This is Mr. Jenkins’ second habeas petition, as he previously filed a habeas petition in 1985. That does not mean that the present petition necessarily is second or successive, however, as it is “well settled” that the phrase “second or successive” “does not simply ‘refe[r] to all § 2254 applications filed second or successively in time[.]’” Magwood v. Patterson, 561 U.S. 320, 332 (2010) (quoting Panetti v. Quarterman, 551 U.S. 930, 944 (2007)). Rather, “the Supreme Court has carved out three circumstances when a petition is second in time but isn’t ‘second or successive.’” In re Hill, 81 F.4th 560, 568 (6th Cir. 2023) (en banc). “First, when a second petition raises a claim that challenges a new state-court judgment—that is, not the one challenged in the first petition—the petition is not ‘second or successive.’” Id. (citing Magwood, 561 U.S. at 339).

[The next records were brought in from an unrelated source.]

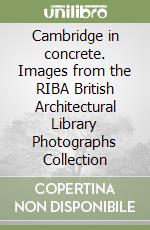 Cambridge in concrete. Images from the RIBA British Architectural Library Photographs Collection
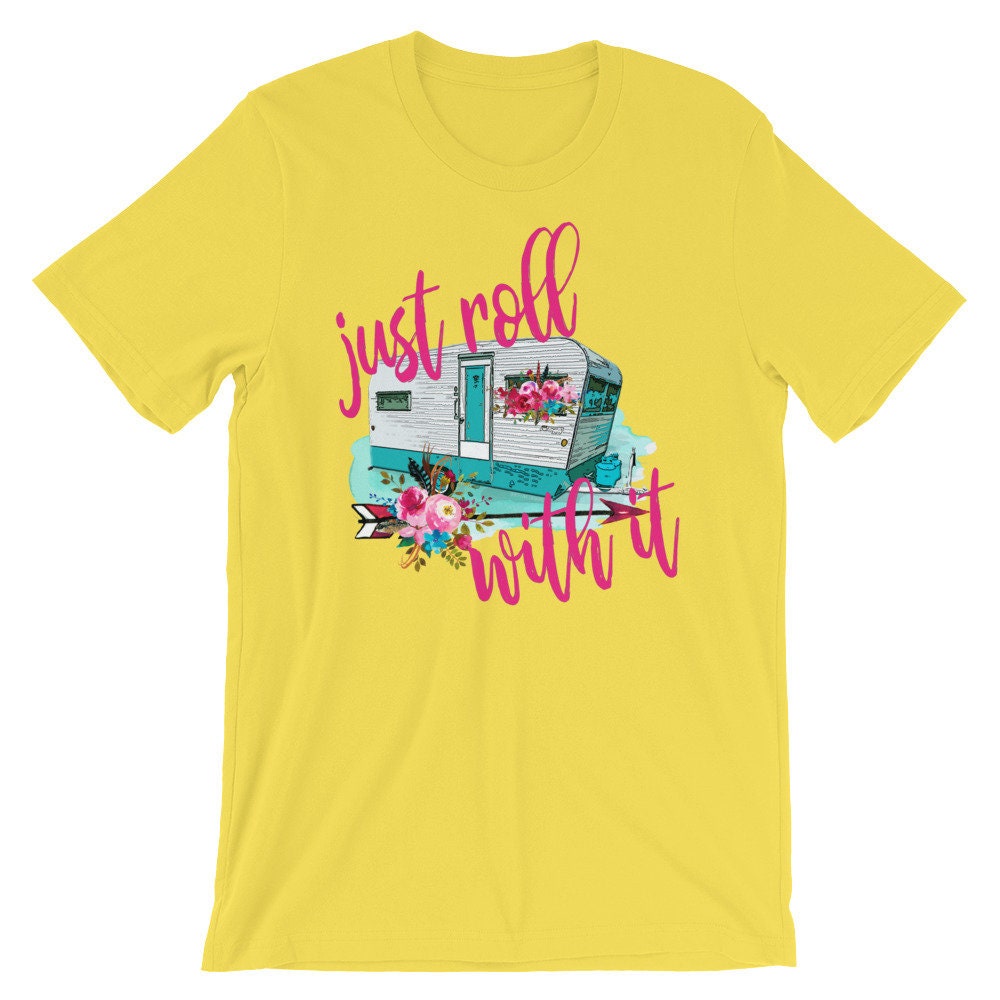 just roll with it shirt just roll with it shirt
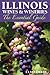 Illinois Wines and Wineries: The Essential Guide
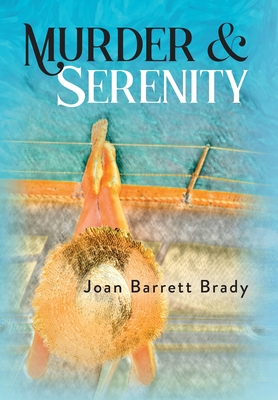 Murder & Serenity: A Mature Romance Mystery - Joan Barrett Brady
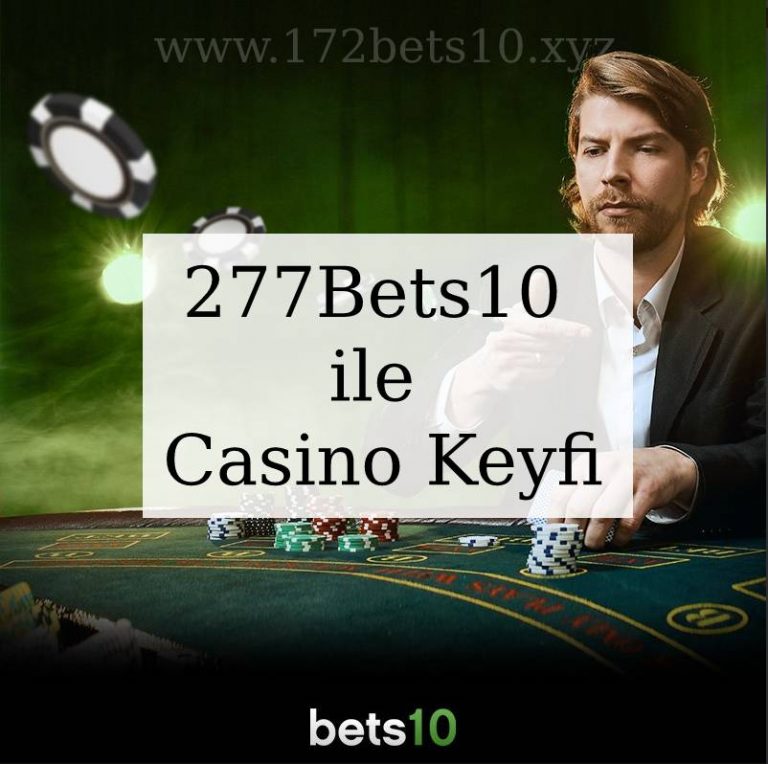 277Bets10 ile Casino Keyfi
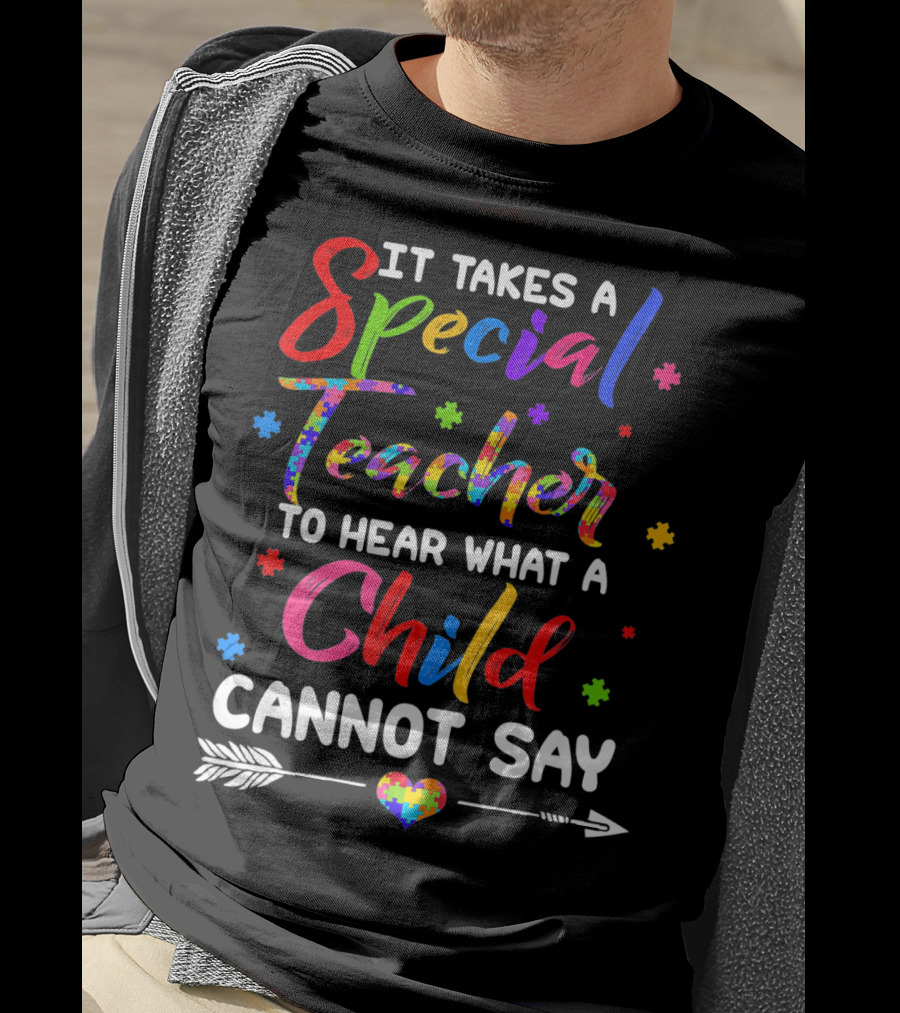 It Takes A Special Teacher To Hear What A Child Cannot Say Autism Awareness T-Shirt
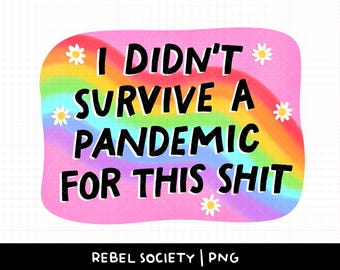 Non sono sopravvissuto alla pandemia per questa merda PNG Social Justice Designs Nessun essere umano è illegale Antirazzismo Fascismo Trump Elon Musk FAFO Fascismo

“Second, a second petition containing a claim—whether presented or not in the first petition—that would have been unripe at the time of the filing of the first petition is not ‘second or successive.’” Id. (citing Panetti, 551 U.S. at 943-45). “Third, when a second petition contains a claim that, though raised in the first petition, was unexhausted at that time and not decided on the merits, the petition is not ‘second or successive.’” Id. at 568-69 (citing Slack v. McDaniel, 529 U.S. 473, 486- 87 (2000)). “And when a ‘numerically second petition’ is not ‘second or successive,’ it isn’t ‘subject to the restrictions of 28 U.S.C. § 2244(b).’” Id. at 568 (quoting In re Bowen, 436 F.3d 699, 705-06 (6th Cir. 2006)). In Hill, the Sixth Circuit set forth a series of steps that a court should follow to determine whether a petition is second or successive. First, a court should ask if “the second petition [is] challenging a new judgment or an old judgment[.]” Hill, 81 F.4th at 569. “If it’s a new judgment, then the petition is not ‘second or successive,’ and [the court] turn[s] to the merits of the petition.” Id. If the petition involves an old judgment, the courts asks whether “the claim presented is an old claim or a new claim[.]” Id. “If it’s an old claim—that is, one that was presented in the first petition—then it’s a ‘second or successive’ petition that must be dismissed under § 2244(b)(1).”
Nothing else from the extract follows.